TL;DR: Generally speaking, the mixer faders should be used for mixing only (which may include solving technical problems, but not “musical” dynamics), whereas velocity and dynamics (modwheel) should be used for musical expression.
Sidenote: You could also use the mixer faders for balancing instruments in the mix, if they don’t come with the correct gains out of the box (usually the case when combining unrelated libraries, but some libraries don’t even have the instruments balanced in the first place), but I think it’s better to use the sampler output gain, mixer pre-gain adjustment or similar for that, so that “all faders at 0 dB” is the starting point when you get into actual mixing. Technically speaking, it doesn’t matter at all, though - unless you have non-linear plugins (compression, saturation, tape simulation, waveshapers…), which will of course be affected if you change the gain before them.

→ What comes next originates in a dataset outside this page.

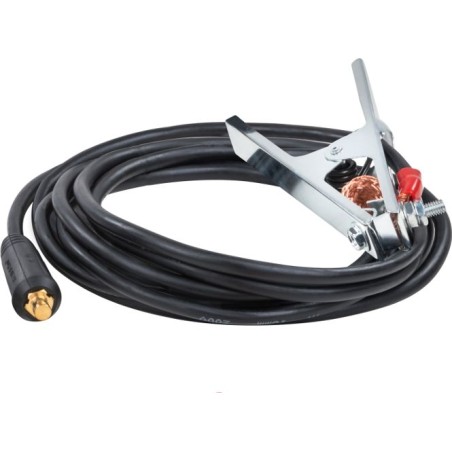 Stamos Massekabel mit Klemme für Plasmaschneider und Schweißgeräte 200 A Massekabel mit Klemme für Plasmaschneider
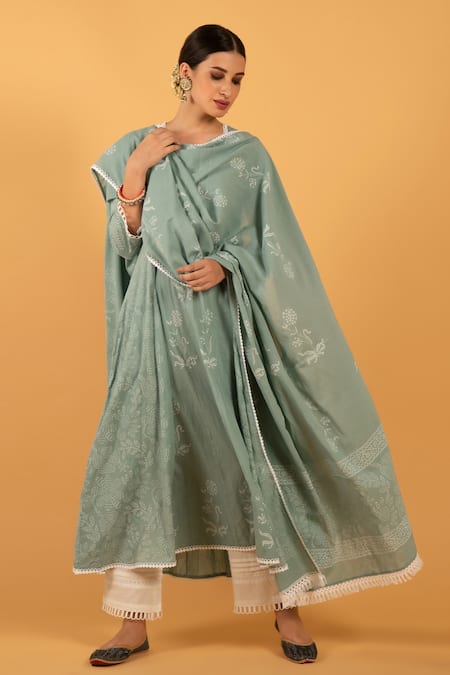 Maison Shefali Printed Anarkali Set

The dynamics implementation varies between instruments, but typically, short articulations will be velocity controlled, whereas long articulations are modwheel controlled. Some use both, for separate control of onset and sustain. These controls will generally switch/fade between sampled velocity layers, apply filters and whatnot, to create a realistic impression of actual dynamic playing. For most instruments, this is very different from just changing the volume!
Some sample libraries also have two confusingly named controls (Dynamics and Expression, in the case of most/all Spitfire libs, for example), where one is the actual dynamics control (sampled layers etc), and the other is essentially just an extra volume control, for when the dynamic range of the sampled layers isn’t enough. The later should only be used as a last resort, or for special effect, as it’s not very realistic.
Some libraries (some 8Dio ones, for example) allow these “true dynamics” and “secondary volume” controls to be linked, for increased dynamic range.
Other libraries (Orchestral Tools etc) have a Niente switch somewhere, which applies extra “fake” dynamic range, so that velocity/dynamics scales all the way down to silence, rather than the recorded level of the quietest sample layer.